# Top 5 brands and types of plows you see most in your area



## mikeplowman

As you are driving around doing your route, what type of plows do you see mostoften (*straight / v-plow*)? Also what are the *top 5* main brand names you see the most?

In my area:

*TOP 5 * 
1. Western 
2. Boss 
3. Meyer
4. Sno-way
5. Hiniker

*TYPES*
1. Straight (85%-90%)
2. V-plow (10%-15%)


----------



## Banksy

I've never seen so many bored snow plowers. These "lack of snow" threads are just getting silly.


----------



## NICHOLS LANDSCA

Around here it's probably a tie for Boss and Western then Leo, Hiniker, Blizzard. Probably around the same percentages as you for V vs Straight


----------



## BOSS LAWN

Over here Western, Blizzard and Leo straight blades.


----------



## peteo1

Fisher, boss, western, blizzard, and for some odd reason snow dogg seems to be popping up all over. My guess is because they're cheap. Not sure on the split between vee and straight but the vee's and xls's(blizzards) numbers are steadily growing.


----------



## Khowie644

*Top 5*
1.Fisher
2.Fisher
3.Fisher
4.Fisher
5.Boss

75% HT's
20% Xtreme V's
5% V-XT's

Live in small town where everyone and their brother thinks they need a plow even for just their own driveway.

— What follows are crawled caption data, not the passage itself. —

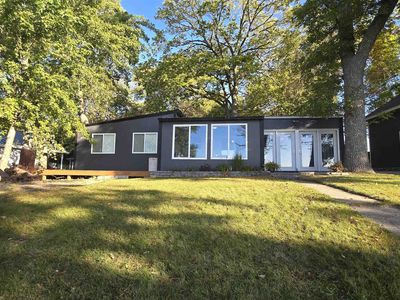 24641 McClelland Dr, Spirit Lake, IA, 51360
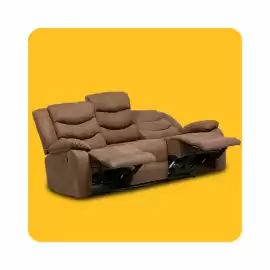 Catálogo Lider Página 26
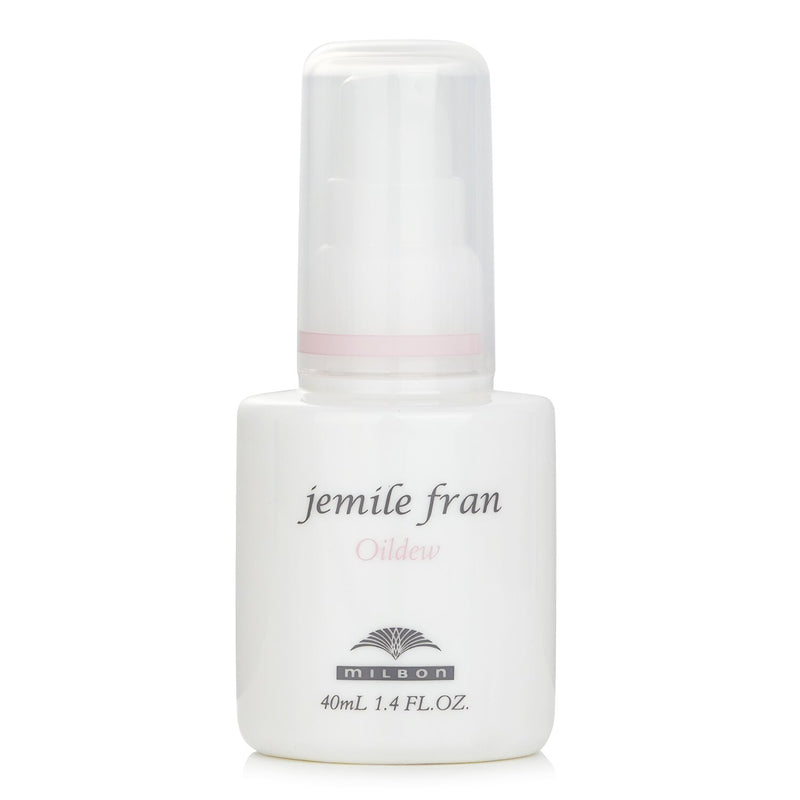 ミルボン  Jemile Fran - Oildew   40g/1.4oz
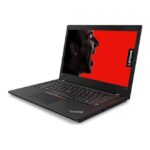Lenovo ThinkPad T478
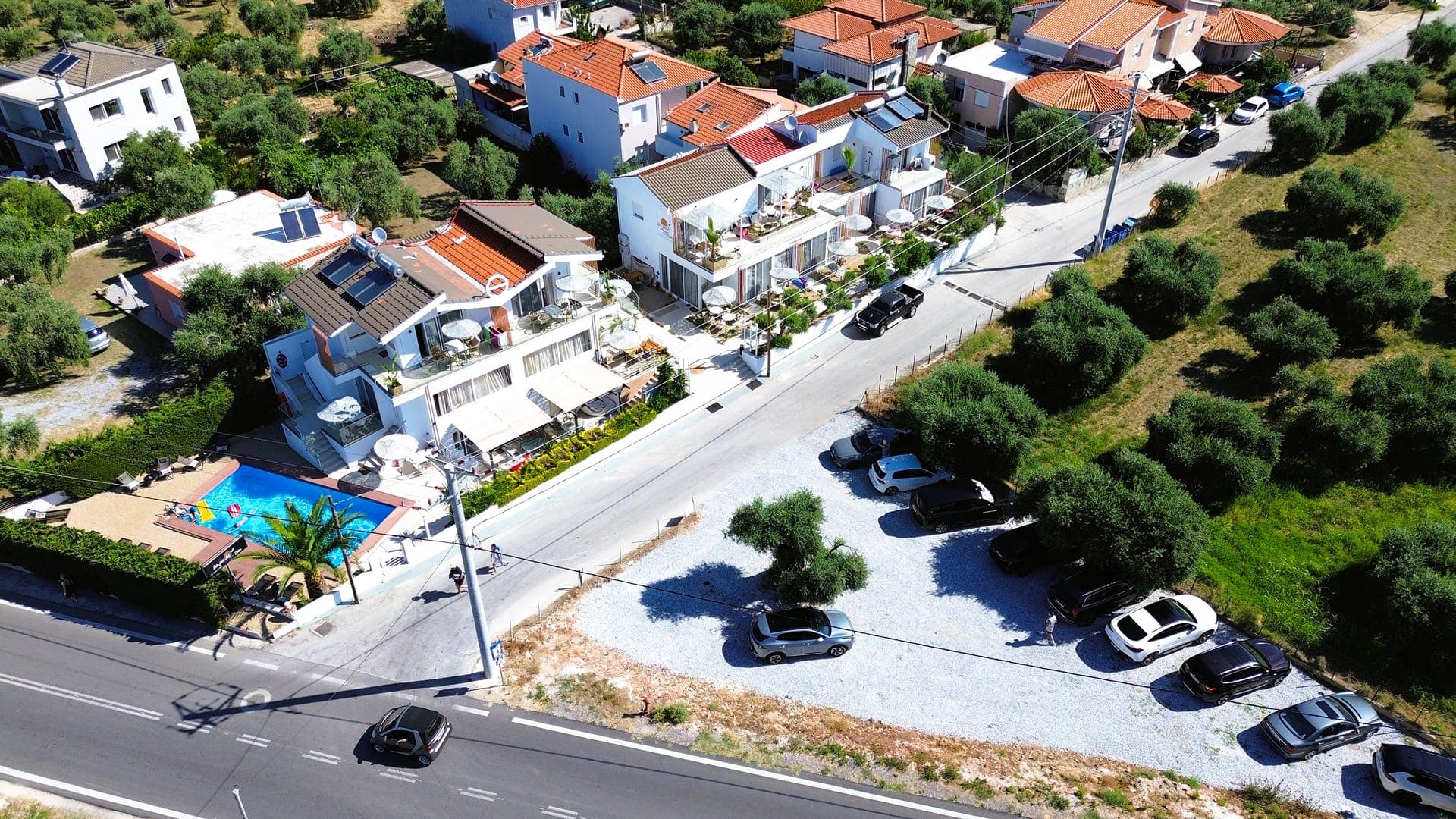 properties-KAPAHI-3.jpg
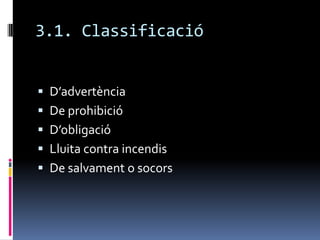 Si no pot ser, la treballadora haurà d’exercir un treball o funció diferent compatible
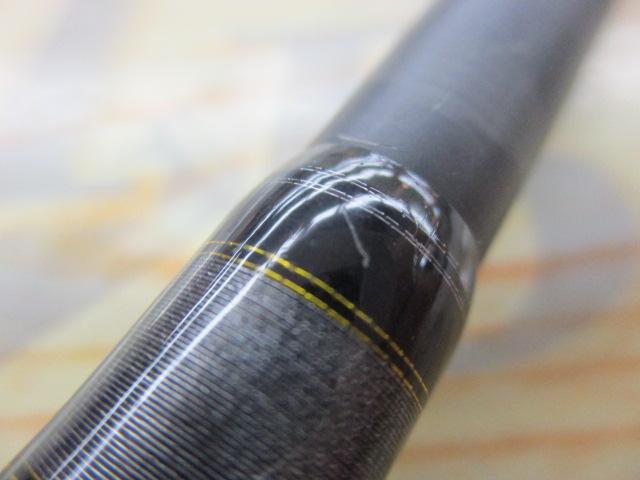 アブガルシア(Abu Garcia) ファンタジスタ FC-66M MGS ○完売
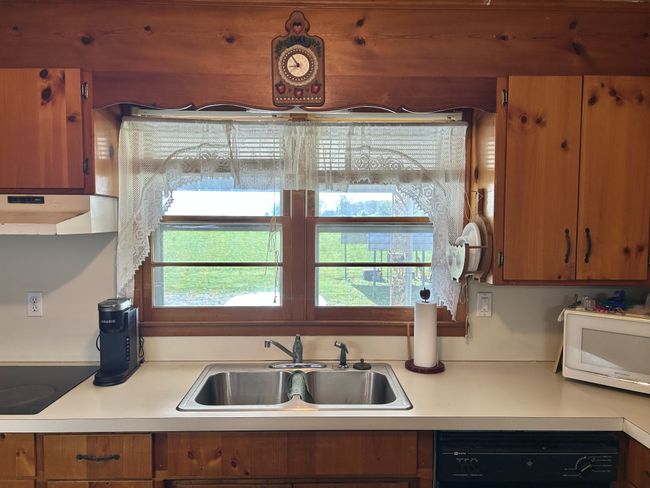1110 Pomroy Rd, House other with 3 bedrooms, 2 bathrooms and 2 parking in Manchester TN | Image 26
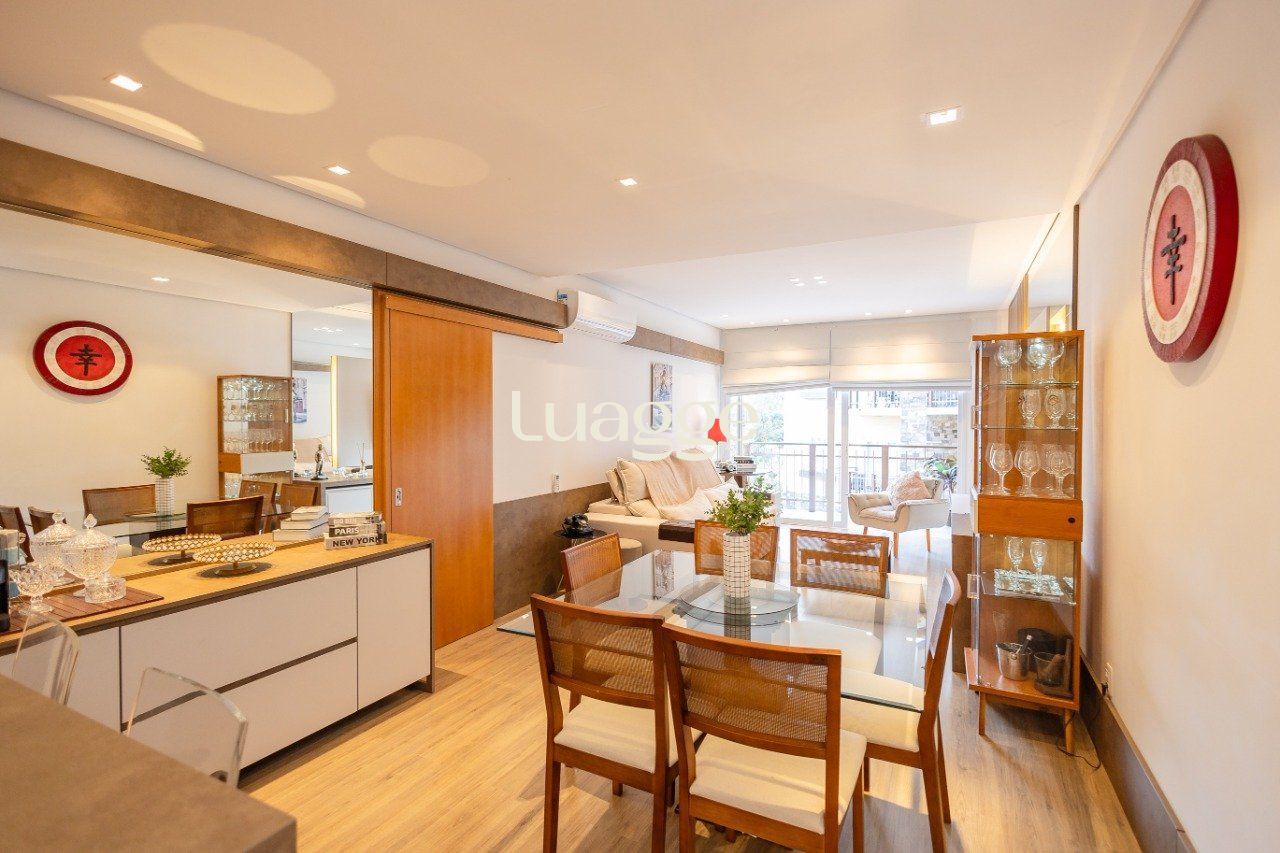 Apartamento, 2 quartos, 86 m² - Foto 10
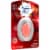 Febreze Small Spaces Limited Edition Fresh-Pressed Apple Air Freshener Perspective: front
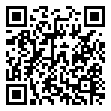 Scannable QR Code Link for 6002 Roland Avenue property details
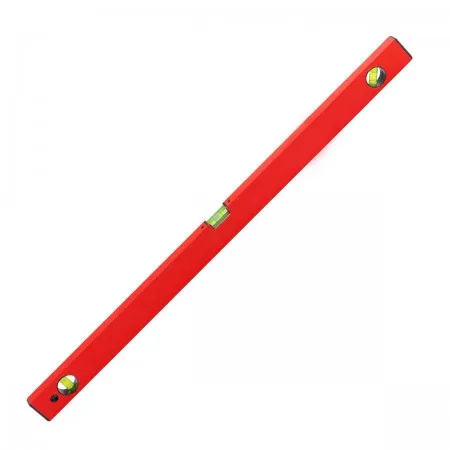 Libela 120cm Beorol ( L120 )
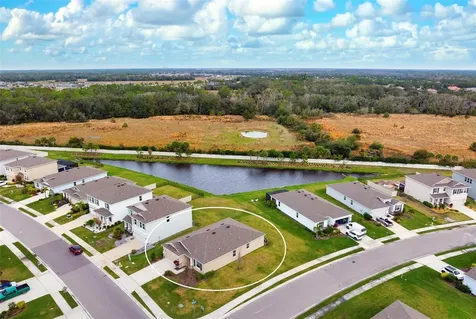 431 158th Street E Bradenton FL 34212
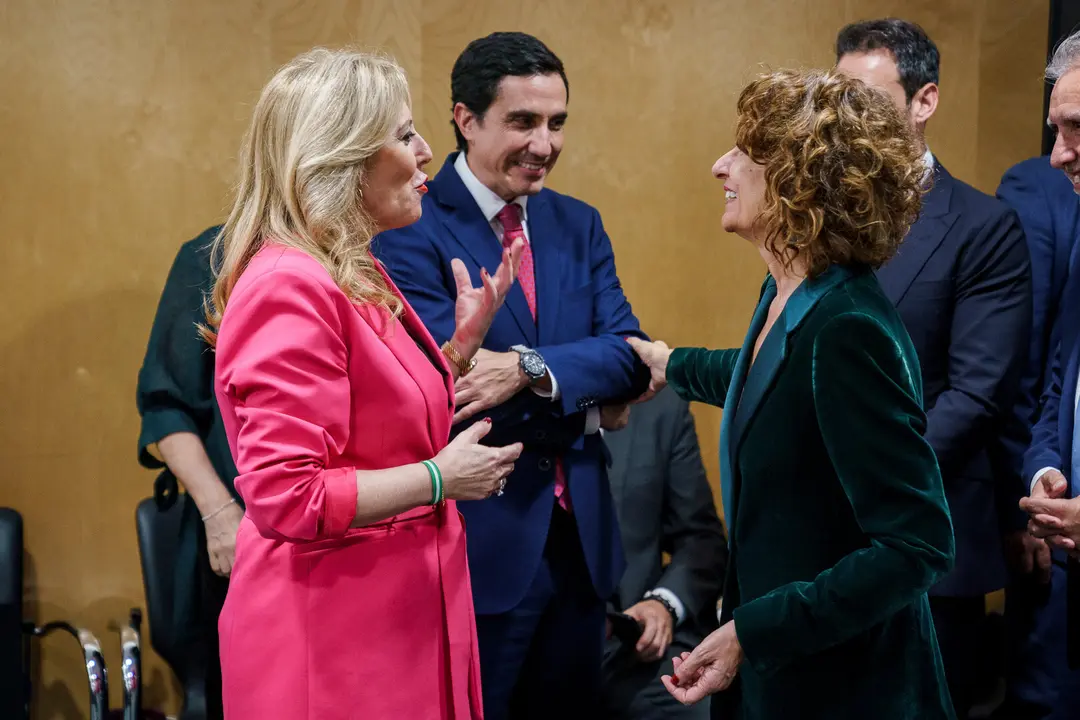 Consejo de Pol&iacute;tica Fiscal y Financiera 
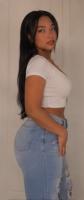 632417682: Chica busca chico en La Coruña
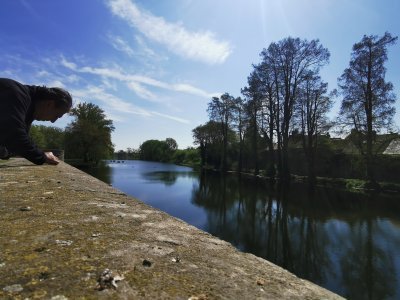 47.76671218861111,2.37615776055556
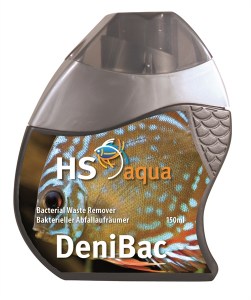 HS Aqua Denibac 150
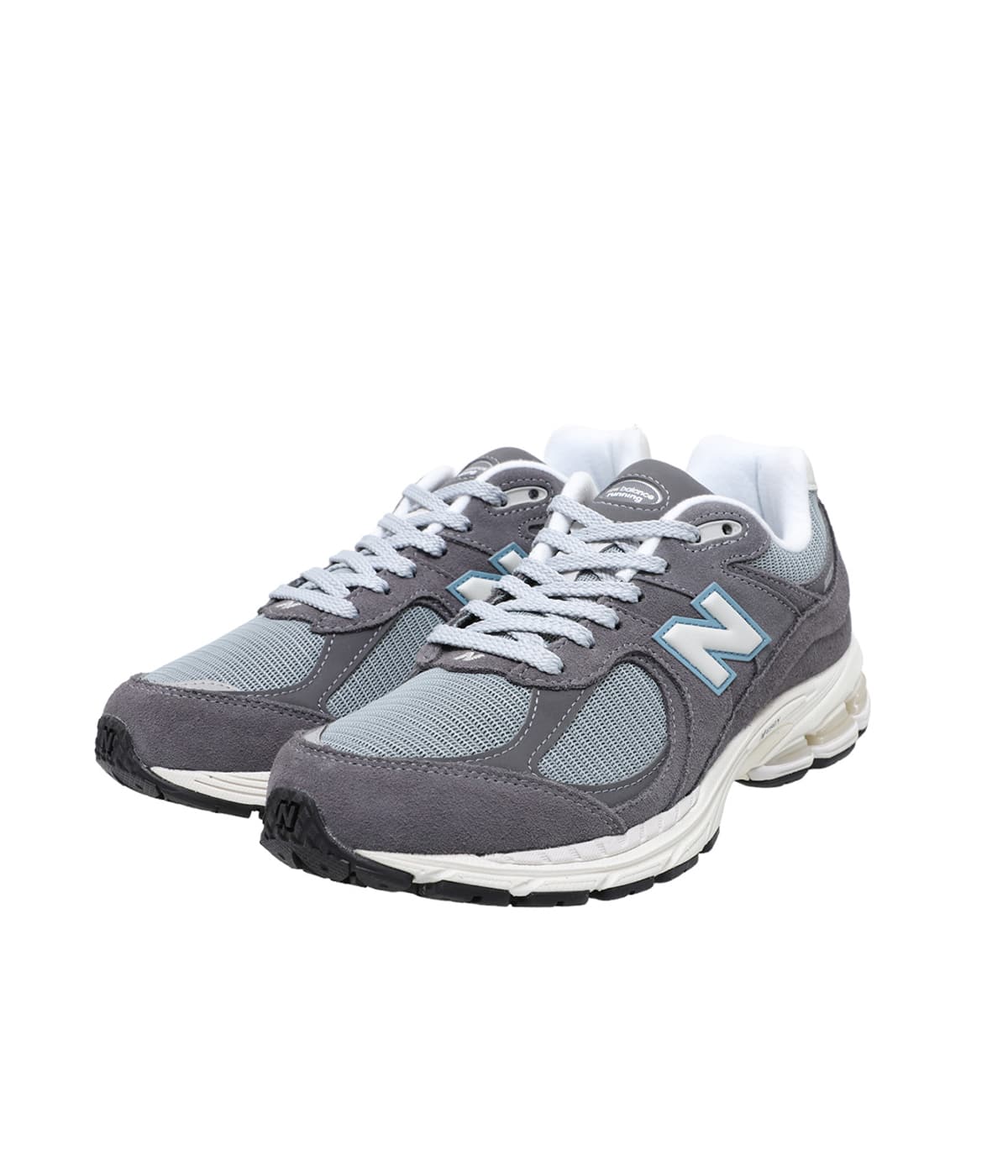 M2002RFB | New Balance(ニューバランス) / シューズ スニーカー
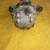 2003 SUBARU LEGACY OUTBACK REAR DIFFERENTIALS 2 thumbnail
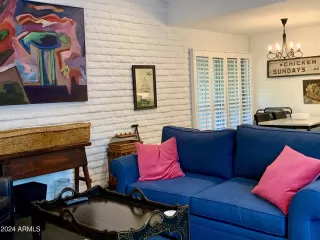 Photo #6: 6770269 Listing 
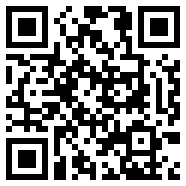 乌龙艺术数字藏品app官方版  v1.0.0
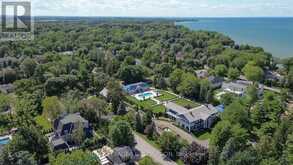 478 JOHNSON STREET | Niagara-on-the-Lake Ontario | Slide Image Forty
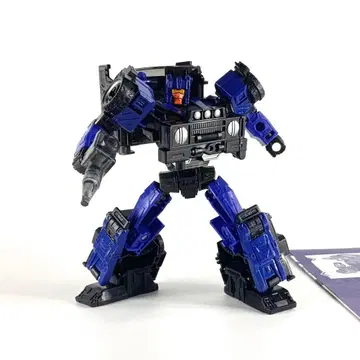 TL-17 크랭크케이스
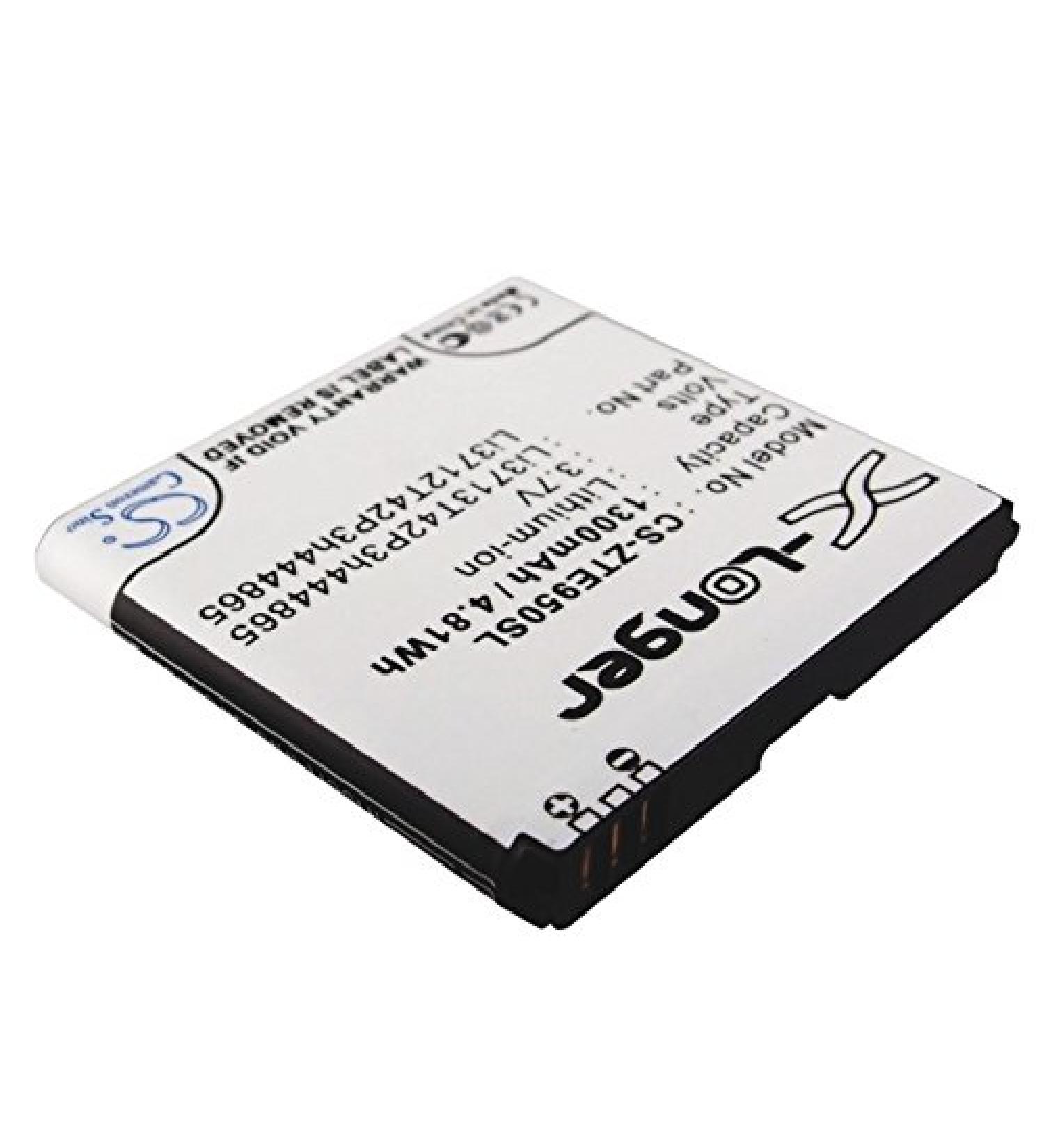 Battery Replacement for SmartFren Wide - High-Quality Long-Lasting Power | International Shipping Available - Buy Online on SooperMarket.com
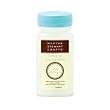 Martha Stewart Crafts - Decoupage Glue and Sealer with Brush Applicator - 4 oz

Most commercial guys use Fisher V's, maybe 5 boss plows.


----------



## Boomer123

Western
Boss
Fisher
Meyer
Blizzard


----------



## 2COR517

Khowie644;1457654 said:


> *Top 5*
> 1.Fisher
> 2.Fisher
> 3.Fisher
> 4.Fisher
> 5.Boss
> 
> 75% HT's
> 20% Xtreme V's
> 5% V-XT's
> 
> Live in small town where everyone and their brother thinks they need a plow even for just their own driveway. Most commercial guys use Fisher V's, maybe 5 boss plows.


The mix is similar here. But I don't see many HTs. Maybe two or three?


----------



## procut

Mostly Boss around here. You see quite a few Vee plows of all differant makes. I'd say 60% straight 40% Vee.

1. Boss
2. Western
3. Meyer
4. Curtis
5. Blizzard


----------



## 2006Sierra1500

1. Fisher
2. Fisher
3. Fisher
4. Fisher
5. Curtis

Only seen a Boss here once or twice...and not a lot of Curtis plows for living less than 25 miles from where they are based. Only seen Western's on Craigslist and theres one Blizzard 7600LT in town.

For the Fisher mix, its mostly HDs, one or 2 Stainless Vs, a couple X-Blades, and as far as I know we have one of the 2 HTs in town.


----------



## CAT 245ME

1. Fisher
2. Meyer/Diamond
3. Boss

Fisher and Meyer/Diamond plows have been around here for a long time, they were the only choice we had for many years. Boss is still fairly new but increasing each season an Boss is the most expensive of the three.

As far as blades go,

1. Straight - Mostly owned by one man operations
2. V's - mostly owned by contractors
3. Expandables - I've only seen two, one is a XLS and the other is a pre DD Blizzard that I don't think see's much plowing (personal use).


----------



## NickT

Boss
Western
Meyer
Fisher
I have noticed a lot of snow dog v plows this year what's up with that? Price? Are they a good product?


----------



## mercer_me

1. Fisher
2. The Boss
3. Snow Dogg
4. Meyer
5. Blizzard

It's mostly Fishers in my are and there is some Boss plows, Snow Doggs are becoming popular hear to. Most people have strait blades and some have V plows.


----------



## blazer2plower

1. Boss
2. Meyer
3. Fisher
4. Snowdog
5. Western
it's a mix of straight and V everyone and there brother has a plow. 

I love my Z


----------



## awgolasplowing

1. fisher by a land slide
2. boss
3. curtis
4. snow dogg
5. blizzard

seeing alot more V plows lately about 30% of them are V's, seen a couple of expandables. most of them are straight blades.


----------



## mikeplowman

it seems like fisher plows are more of a East coast plow, with some sprinkled here and there


----------



## Antlerart06

1)western
2) boss
3) snowman snow plow
4) coats
5) curtis

Vplows 80%
straight 19%
expandables Wideout 1%
20 years back Vplows would be like 2-3% straight would 97%


----------



## GMD1984

fisher
fisher
fisher
western 
western 

90% straight 
10% v's


----------